Non meno Massimiliano Pisapia che ha indossato i panni di Rodolfo. Musetta, la soprano Silvia dalla Benetta - dall'accesa parrucca rossa - e George Petean - hanno portato in scena l'irruenza e la passione, la simpatia e il pathos. Due cantanti d'eccezione con un grande talento aggiunto: l'enorme capacità interpretativa che, a momenti, ha saputo "rubare" la scena ai protagonisti della vicenda. Una grande interpretazione anche per gli altri "amici" di Rodolfo, Cesare Lana e Venzeslav Anastassov veri "bohemiens"...

Zelia Ruscitto, San Gimignano



IL GAZZETTINO – Udine
TRASLOCO FORZATO PER VIOLETTA

Trasloco forzato per l’atteso appuntamento con “La traviata”. Piazza Duomo resta quindi ancora una volta senza musica, e così via tutti al Teatro “Giovanni da Udine”. Un teatro preso d’assalto dai melomani per assistere alla più celebre opera verdiana, l’ultima della trilogia, qui prodotta dalla Italia Konzert Opera…… Una nota di merito spetta al direttore Alfonso Scarano, che ha enfatizzato i tratti romantici della partitura riuscendo a ricreare sonorità eccellenti in particolare dalla sezione archi……….. Anche la coppia Loukia Spanaki - Massimiliano Pisapia ha fatto breccia negli animi della platea friulana. Il soprano greco ricalca alcuni atteggiamenti della più illustre conterranea, riuscendo ad inanellare con cura i limpidi vocalizzi del primo atto. La tradisce qualche attimo calante ngli assoli, ma il pubblico la perdona tributandole calorosi applausi. Pisapia è un Alfredo dal timbro appassionato ed emerge in maniera prorompente, regalando momenti di intesità. Buona l’esibizione del coro, sfarzosi i costumi che fanno da sfondo al celeberrimo “Brindisi”, confezionati dalla storica sartoria Pipi di Palermo.
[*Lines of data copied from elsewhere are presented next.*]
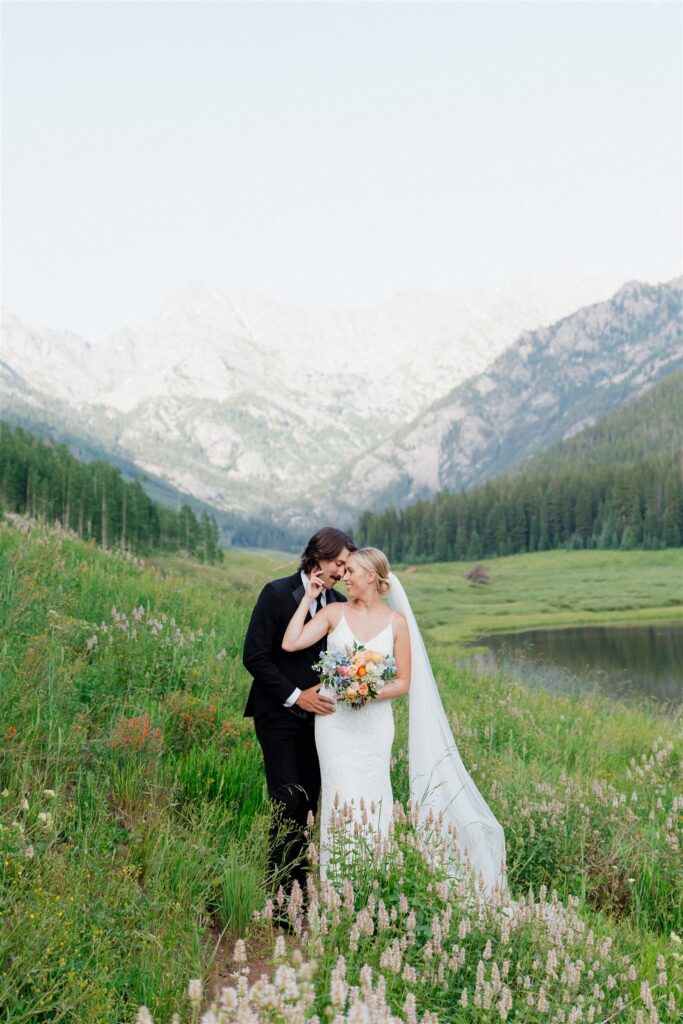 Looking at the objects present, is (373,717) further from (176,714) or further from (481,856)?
(176,714)

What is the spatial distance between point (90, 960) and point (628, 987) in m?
3.29

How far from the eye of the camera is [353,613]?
7.47 m

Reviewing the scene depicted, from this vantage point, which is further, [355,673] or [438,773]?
[438,773]

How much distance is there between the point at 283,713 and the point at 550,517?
154405 mm

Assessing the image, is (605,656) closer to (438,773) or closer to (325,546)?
(438,773)

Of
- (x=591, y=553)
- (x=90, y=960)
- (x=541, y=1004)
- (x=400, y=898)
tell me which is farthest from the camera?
(x=591, y=553)

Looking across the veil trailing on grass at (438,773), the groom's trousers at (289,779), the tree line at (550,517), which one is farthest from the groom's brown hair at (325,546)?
the tree line at (550,517)

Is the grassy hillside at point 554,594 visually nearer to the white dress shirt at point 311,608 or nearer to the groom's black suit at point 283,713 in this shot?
the white dress shirt at point 311,608

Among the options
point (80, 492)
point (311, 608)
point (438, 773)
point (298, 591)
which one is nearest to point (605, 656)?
point (438, 773)

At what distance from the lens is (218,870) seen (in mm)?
6410

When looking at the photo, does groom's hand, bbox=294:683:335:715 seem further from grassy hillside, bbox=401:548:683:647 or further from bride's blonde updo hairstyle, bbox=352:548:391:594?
grassy hillside, bbox=401:548:683:647

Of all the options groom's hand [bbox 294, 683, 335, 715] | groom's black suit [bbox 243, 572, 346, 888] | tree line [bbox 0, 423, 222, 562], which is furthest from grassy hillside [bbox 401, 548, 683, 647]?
groom's hand [bbox 294, 683, 335, 715]

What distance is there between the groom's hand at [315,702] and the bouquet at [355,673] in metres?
0.09

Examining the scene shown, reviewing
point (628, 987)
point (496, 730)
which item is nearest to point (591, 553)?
point (496, 730) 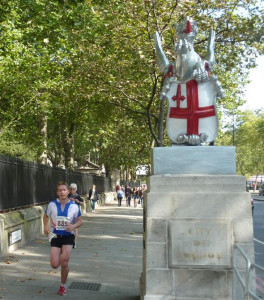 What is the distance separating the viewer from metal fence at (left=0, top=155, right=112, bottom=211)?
1288 centimetres

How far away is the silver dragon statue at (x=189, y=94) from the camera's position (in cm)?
674

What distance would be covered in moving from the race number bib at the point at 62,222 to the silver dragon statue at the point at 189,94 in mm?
2130

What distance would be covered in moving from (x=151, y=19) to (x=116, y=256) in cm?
815

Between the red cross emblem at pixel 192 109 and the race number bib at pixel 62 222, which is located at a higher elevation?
the red cross emblem at pixel 192 109

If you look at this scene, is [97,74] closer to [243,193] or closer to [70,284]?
[70,284]

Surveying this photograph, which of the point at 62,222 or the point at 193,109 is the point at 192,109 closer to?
the point at 193,109

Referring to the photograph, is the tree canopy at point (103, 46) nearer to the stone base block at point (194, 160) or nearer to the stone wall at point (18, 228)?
the stone wall at point (18, 228)

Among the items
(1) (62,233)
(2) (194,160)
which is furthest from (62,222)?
(2) (194,160)

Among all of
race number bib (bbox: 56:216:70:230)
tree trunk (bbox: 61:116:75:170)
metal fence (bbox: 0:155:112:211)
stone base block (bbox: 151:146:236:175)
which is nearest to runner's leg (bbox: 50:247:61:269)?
race number bib (bbox: 56:216:70:230)

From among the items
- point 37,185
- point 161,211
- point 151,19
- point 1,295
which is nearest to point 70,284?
point 1,295

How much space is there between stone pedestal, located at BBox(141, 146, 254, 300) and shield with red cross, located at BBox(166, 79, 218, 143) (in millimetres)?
958

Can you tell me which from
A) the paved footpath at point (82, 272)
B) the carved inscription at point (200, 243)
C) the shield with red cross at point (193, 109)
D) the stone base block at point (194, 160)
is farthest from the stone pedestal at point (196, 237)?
the paved footpath at point (82, 272)

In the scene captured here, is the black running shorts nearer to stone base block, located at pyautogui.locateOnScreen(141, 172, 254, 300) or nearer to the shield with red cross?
stone base block, located at pyautogui.locateOnScreen(141, 172, 254, 300)

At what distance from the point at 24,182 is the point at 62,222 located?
8032 mm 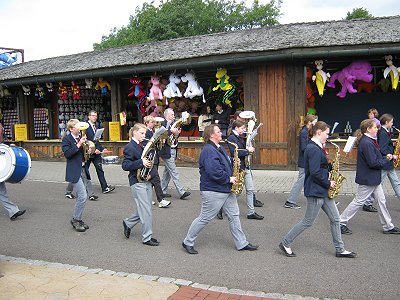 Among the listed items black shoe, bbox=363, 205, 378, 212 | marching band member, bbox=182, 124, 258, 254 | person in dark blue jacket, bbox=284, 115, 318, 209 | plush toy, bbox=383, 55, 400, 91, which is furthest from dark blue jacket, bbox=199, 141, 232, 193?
plush toy, bbox=383, 55, 400, 91

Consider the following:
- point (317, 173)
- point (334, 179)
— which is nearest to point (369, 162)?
point (334, 179)

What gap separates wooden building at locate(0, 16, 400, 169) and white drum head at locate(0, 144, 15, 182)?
725 centimetres

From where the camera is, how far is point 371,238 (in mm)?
6414

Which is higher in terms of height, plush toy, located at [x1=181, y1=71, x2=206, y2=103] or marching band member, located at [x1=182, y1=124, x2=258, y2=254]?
plush toy, located at [x1=181, y1=71, x2=206, y2=103]

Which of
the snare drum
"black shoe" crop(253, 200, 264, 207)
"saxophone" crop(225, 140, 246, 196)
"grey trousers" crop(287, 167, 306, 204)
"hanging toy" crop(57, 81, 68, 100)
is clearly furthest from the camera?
"hanging toy" crop(57, 81, 68, 100)

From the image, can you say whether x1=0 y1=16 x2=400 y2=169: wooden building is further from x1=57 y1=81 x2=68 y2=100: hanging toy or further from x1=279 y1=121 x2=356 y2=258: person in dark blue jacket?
x1=279 y1=121 x2=356 y2=258: person in dark blue jacket

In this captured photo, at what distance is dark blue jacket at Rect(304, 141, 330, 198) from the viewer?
5395mm

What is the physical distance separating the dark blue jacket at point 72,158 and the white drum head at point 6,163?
2.98 ft

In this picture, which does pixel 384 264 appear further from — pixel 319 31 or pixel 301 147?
pixel 319 31

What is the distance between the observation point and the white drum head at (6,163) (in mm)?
7273

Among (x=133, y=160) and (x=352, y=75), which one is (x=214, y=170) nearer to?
(x=133, y=160)

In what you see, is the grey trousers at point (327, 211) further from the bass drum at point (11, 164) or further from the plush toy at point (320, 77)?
the plush toy at point (320, 77)

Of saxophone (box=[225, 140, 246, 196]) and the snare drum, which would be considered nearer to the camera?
saxophone (box=[225, 140, 246, 196])

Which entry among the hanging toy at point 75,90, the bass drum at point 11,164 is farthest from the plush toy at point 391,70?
the hanging toy at point 75,90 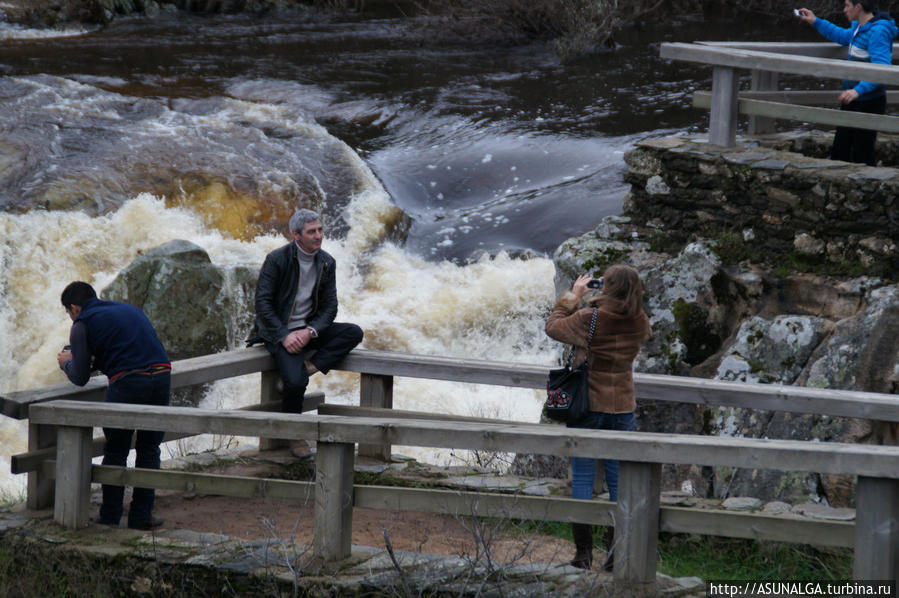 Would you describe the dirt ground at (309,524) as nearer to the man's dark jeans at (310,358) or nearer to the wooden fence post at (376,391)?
the man's dark jeans at (310,358)

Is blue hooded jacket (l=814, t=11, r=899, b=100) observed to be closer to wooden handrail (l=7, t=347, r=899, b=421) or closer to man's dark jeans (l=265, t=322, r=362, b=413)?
wooden handrail (l=7, t=347, r=899, b=421)

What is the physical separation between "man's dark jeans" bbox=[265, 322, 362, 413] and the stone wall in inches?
120

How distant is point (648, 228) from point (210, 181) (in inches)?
263

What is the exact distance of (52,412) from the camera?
4.97 m

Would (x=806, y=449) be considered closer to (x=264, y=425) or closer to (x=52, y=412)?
(x=264, y=425)

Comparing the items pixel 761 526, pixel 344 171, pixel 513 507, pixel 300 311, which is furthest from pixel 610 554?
pixel 344 171

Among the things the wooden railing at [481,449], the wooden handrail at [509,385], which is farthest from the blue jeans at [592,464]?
the wooden handrail at [509,385]

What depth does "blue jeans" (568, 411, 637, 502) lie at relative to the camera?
4.88m

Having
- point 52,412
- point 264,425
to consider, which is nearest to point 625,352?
point 264,425

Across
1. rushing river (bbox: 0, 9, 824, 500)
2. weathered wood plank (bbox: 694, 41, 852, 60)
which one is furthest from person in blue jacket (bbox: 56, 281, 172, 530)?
weathered wood plank (bbox: 694, 41, 852, 60)

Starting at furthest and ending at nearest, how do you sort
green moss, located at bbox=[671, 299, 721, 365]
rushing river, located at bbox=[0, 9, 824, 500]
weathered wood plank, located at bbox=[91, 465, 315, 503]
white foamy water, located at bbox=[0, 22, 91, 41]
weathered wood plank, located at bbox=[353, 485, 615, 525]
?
white foamy water, located at bbox=[0, 22, 91, 41] < rushing river, located at bbox=[0, 9, 824, 500] < green moss, located at bbox=[671, 299, 721, 365] < weathered wood plank, located at bbox=[91, 465, 315, 503] < weathered wood plank, located at bbox=[353, 485, 615, 525]

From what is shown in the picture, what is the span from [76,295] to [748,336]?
174 inches

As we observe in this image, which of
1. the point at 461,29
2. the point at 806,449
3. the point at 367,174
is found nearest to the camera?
the point at 806,449

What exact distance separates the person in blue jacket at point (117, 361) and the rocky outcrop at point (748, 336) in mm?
3388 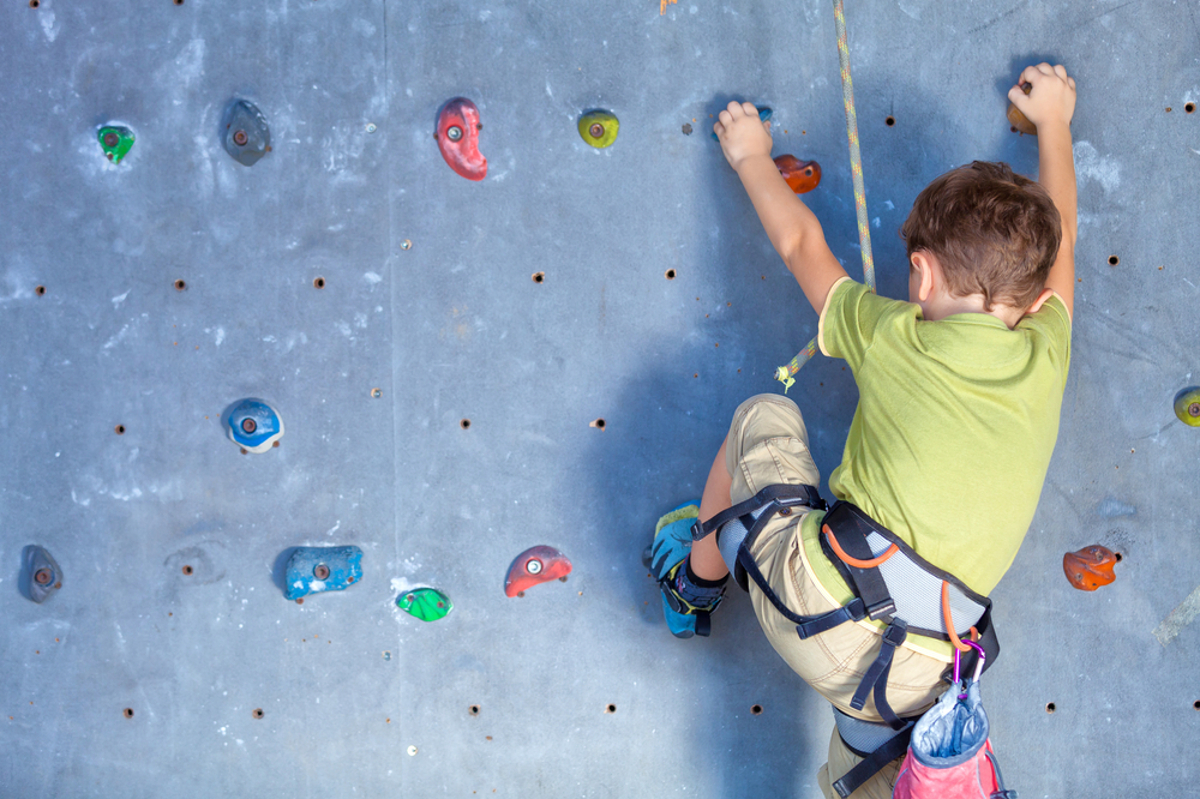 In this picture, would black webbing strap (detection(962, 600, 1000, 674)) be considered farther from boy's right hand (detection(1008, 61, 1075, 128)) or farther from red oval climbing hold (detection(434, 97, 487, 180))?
red oval climbing hold (detection(434, 97, 487, 180))

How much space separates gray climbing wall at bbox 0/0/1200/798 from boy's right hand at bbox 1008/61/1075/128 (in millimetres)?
61

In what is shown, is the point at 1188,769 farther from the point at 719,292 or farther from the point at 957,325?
the point at 719,292

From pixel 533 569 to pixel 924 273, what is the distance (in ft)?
2.92

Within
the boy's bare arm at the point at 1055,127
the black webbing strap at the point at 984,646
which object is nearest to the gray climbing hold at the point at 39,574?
the black webbing strap at the point at 984,646

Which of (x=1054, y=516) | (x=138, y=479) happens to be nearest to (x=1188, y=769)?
(x=1054, y=516)

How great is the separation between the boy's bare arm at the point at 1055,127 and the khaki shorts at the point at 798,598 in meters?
0.64

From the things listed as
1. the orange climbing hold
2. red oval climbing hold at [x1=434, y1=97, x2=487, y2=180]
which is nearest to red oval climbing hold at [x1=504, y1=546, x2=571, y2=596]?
red oval climbing hold at [x1=434, y1=97, x2=487, y2=180]

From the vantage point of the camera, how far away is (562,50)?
1.48m

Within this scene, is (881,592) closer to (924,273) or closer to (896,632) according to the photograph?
(896,632)

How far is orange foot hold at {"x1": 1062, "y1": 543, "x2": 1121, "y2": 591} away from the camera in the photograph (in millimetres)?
1482

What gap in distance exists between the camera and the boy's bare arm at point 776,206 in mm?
1264

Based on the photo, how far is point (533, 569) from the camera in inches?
58.4

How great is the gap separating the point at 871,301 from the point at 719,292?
16.2 inches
Daniela Bonitatibus, Udine



LA GAZZETTA DEL MEZZOGIORNO – Taranto
LA TRAVIATA

L’emozione della struggente storia d’amore di Violetta e Alfredo, riproposta con abiti sontuosi e voci d’eccezione, con un pubblico elegantissimo ed attento: quello delle gradi serate. Ma soprattutto in uno spazio nuovo che sta conquistando gli spettatori per il comfort e lo charme con cui sa accogliere coloro che amano “ i colori del teatro”. E, ieri sera, “La traviata” portata in scena dal Toscana Opera Festival, in esclusiva per il Sud nell’Arena dell’Ippodromo Paolo VI, ha saputo davvero dare a Taranto un’occasione di grande lirica, qui purtroppo rara per gli spazi notevoli che richiede. Il soprano greco Loukia Spanaki e il tenore Tiberius Simus (Alfredo), pupillo della Scala di Milano, hanno soddisfatto le attese degli appassionati donando insieme ai 50 musicisti dell’orchestra IKO e ai 50 coristi in costume d’epoca una serata indimenticabile. Tripudio di applausi per il direttore d’orchestra Alfonso Scarano, tarantino di nascita e che qui è stato fino al termine delle scuole superiori , ed è poi decollato verso traguardi di fama internazionale con i Virtuosi di Praga.